CPI & Diminishing Returns?

I have a question for any "continuous process improvement" experts out there: is the CPI approach subject to the law of diminishing returns (each additional improvement yields smaller benefits than previous improvements)? If so, doesn't that sort of undermine the whole CPI mentality? If not, why not?

Here's what I'm thinking: If the law of diminishing returns applies to continuous process improvement efforts, that means CPI provides the biggest benefit during its initial phase, and provides smaller and smaller benefits over time. That might mean it's a good short-term strategy, but somewhat weak over the long-term... so maybe the "continuous" part is of dubious value?

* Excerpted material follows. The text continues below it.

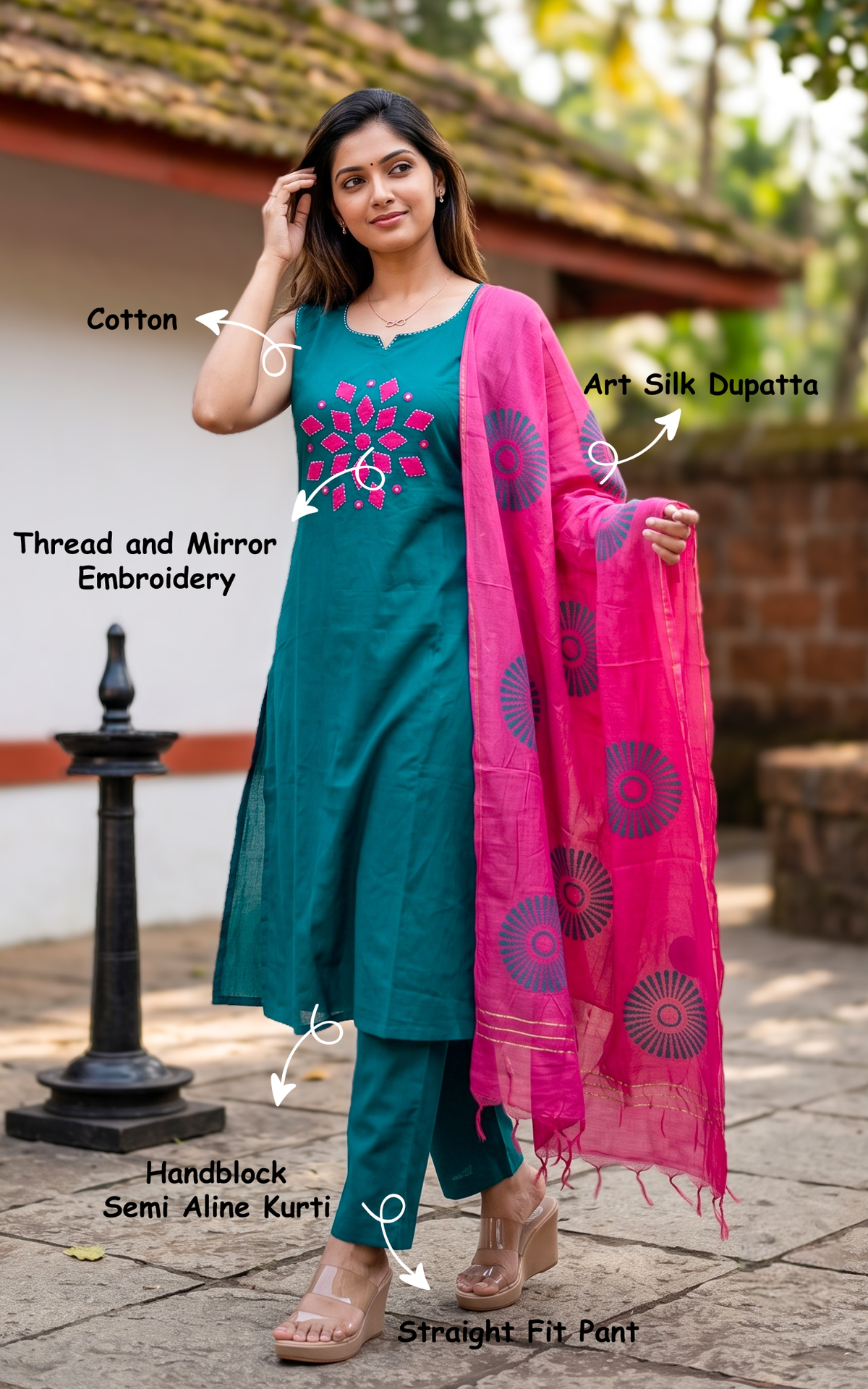 Instore – Dhanvika Handblock Kurti Pant Dupatta Set for Women – Cotton – Handblock Printed – Ethnic Wear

I've only just started thinking about it in these terms. I suspect I'm on the right track, but I might be missing something here. I sincerely want to hear from people with CPI experience & insight - and my first round of google searches turned up precious little on the topic.

2 comments:

Mark said...

Actually, my experience with and understanding of CPI is more in line with your concept of imperfectionism. That is, while Perfection (capital P) is the ultimate ideal, it is much better to take one small step in the direction towards Perfect today vs trying to take a giant leap all the way there which is such a huge task that it never actually gets off the ground. Then tomorrow you can work on taking one more step.

I don't think that CPI necessarily assumes a big improvement at first and then smaller improvements over time. Rather, a steady stream of progress, headed in the right direction, is what is important.

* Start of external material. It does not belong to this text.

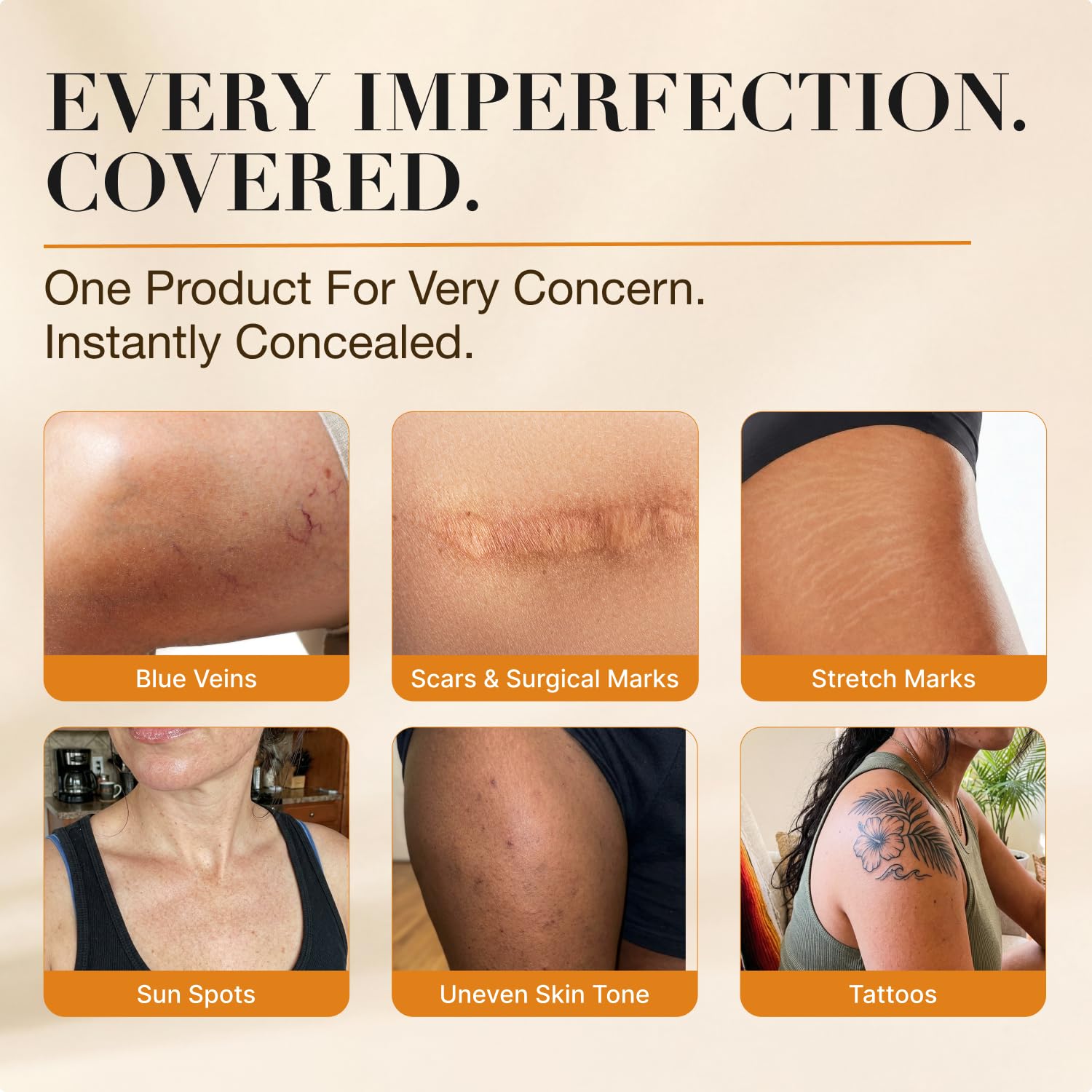 Body Coverage Perfector – Tattoo Cover Up Makeup Waterproof, Body Foundation & Leg Makeup, Transfer-Resistant Body Concealer for Legs, Scars & Uneven Skin Tone, 3.38 fl oz, Medium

PS - is this partly inspired by reading Zeno's Paradox again?

The Dan Ward said...

Interesting observation, Mark - thanks!

I guess I sort of assumed that the initial improvements would have a significant impact, as we go after the low-hanging fruit at first (plus the effect of early enthusiasm, etc). Over time, it'll require more and more time & effort & resources to identify & implement additional improvements.

If we assume that any given process has an ideal state, in which it is optimally efficient, at some point I think we must reach a point of diminishing returns.

It seems to me that the way around this is what Clatyon Christianson calls creative destruction. Rather than making incremental improvements to the process, we demolish it and start over with something better. But that's not an incremental improvement - it's a discontinuity, a change of direction.

I have a hard time swallowing the idea of a steady stream of small improvements, each of which conveys as much improvement as the previous one. I suspect it's more likely that each improvement is "better than the next."